Taking quarrel in Blankenship case to a higher level

An editorial from The Dominion Post 

MORGANTOWN, W.Va. — Henry David Thoreau was asked on his deathbed whether he had made his peace with God.

He responded, “I never quarelled with my God.”

Some equate judges with the nearest thing to God on Earth. As a rule, we rarely dispute the decisions of judges on this page.

In the past decade, we have raised only one such real objection here —a change of venue decision by a Monongalia County Circuit Court judge.

However, this week we are compelled to object to Judge Irene Berger’s gag order she has imposed upon the trial of a former coal executive.

Berger represents the U.S. District Court for the Southern District of West Virginia, and is well respected in all corners of the state, including in this region.

Yet, her gag order in the case against the former Massey Energy CEO and president, Don Blankenship, is terribly wrong- headed.

A host of media representatives, including the Wall Street Journal, the Associated Press, National Public Radio and others, challenged her gag order this week. We support this challenge.

The challenge asks the judge to modify her order, which prohibits all parties and victims from discussing this case with the media or releasing court documents.

That order not only excludes everyone who will play a part in this trial, but who even potentially might. Even more troubling is it puts all court documents off limits. That means “any and all stipulations, discovery requests, responses, supplemental requests and responses and other relevant documents,” according to the two-page order.

No one disputes the need for an impartial jury. That should be a matter of course in any trial. Period.

Obviously, this case is sensitive, too. Blankenship, stands accused of conspiring to violate safety and health standards at the Upper Big Branch mine, where 29 men lost their lives in an explosion.

He is also charged with lying to regulators about safety measures at that mine. He pleaded not guilty and is free on a $5 million bond.

We doubt few in this state are unaware of the tragedy that took place at that mine in April 2010, news of the investigations that followed or convictions of other mine officials.
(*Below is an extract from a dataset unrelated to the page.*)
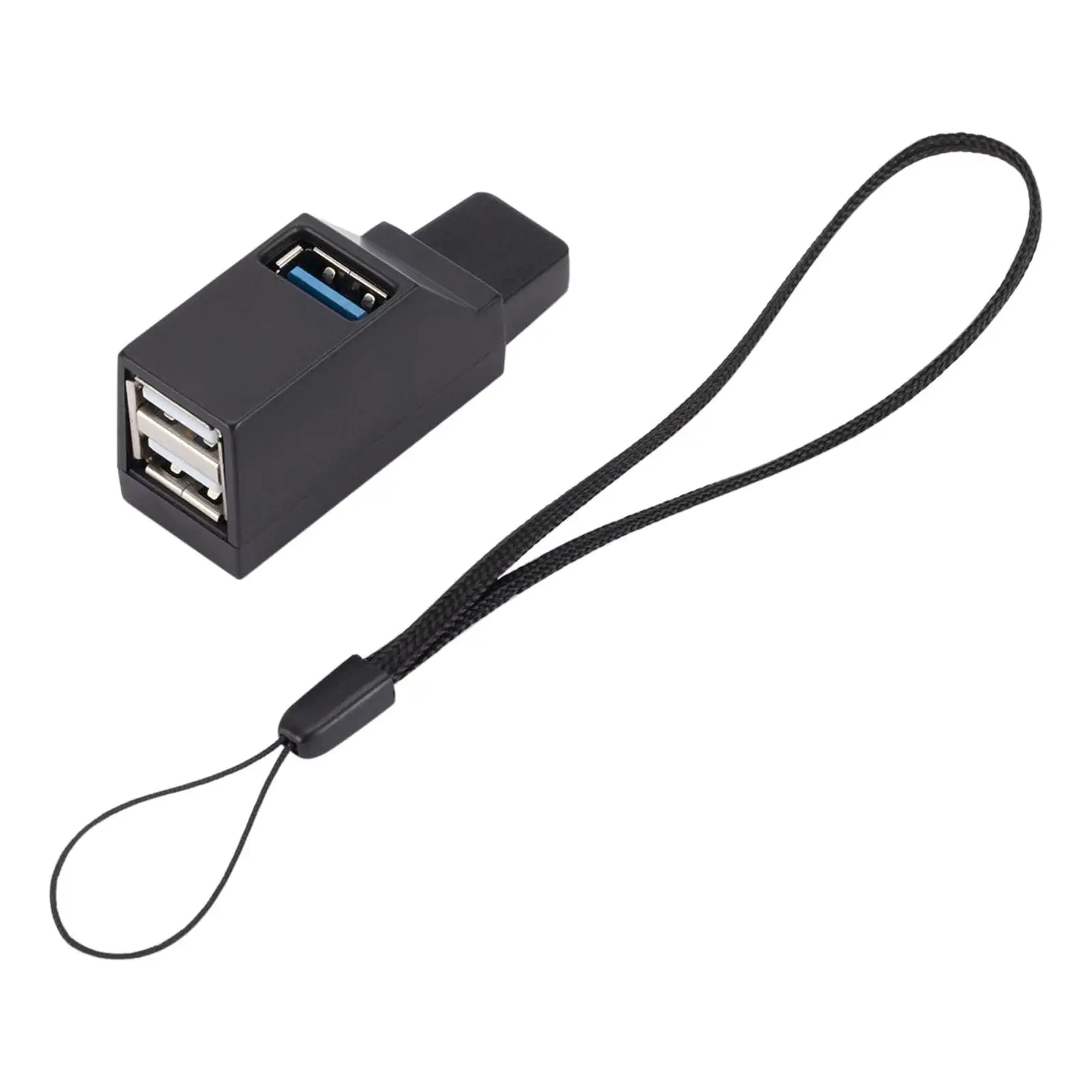 USB * Hub Splitter, 3 Port Plug Portable Mini USB Hub High USB for Printer USB Flash Drive Notebook Scanner PC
Still, that’s not to say no West Virginian can be fair and base their verdict solely upon the evidence presented at this trial.

Berger provides no reason why a fair and impartial jury cannot be chosen without this gag order, either.

Among other things, this gag order also infringes on journalists’ constitutional rights to do their job.

We urge Berger to reconsider her order and let this trial proceed without objection to the public’s right to know.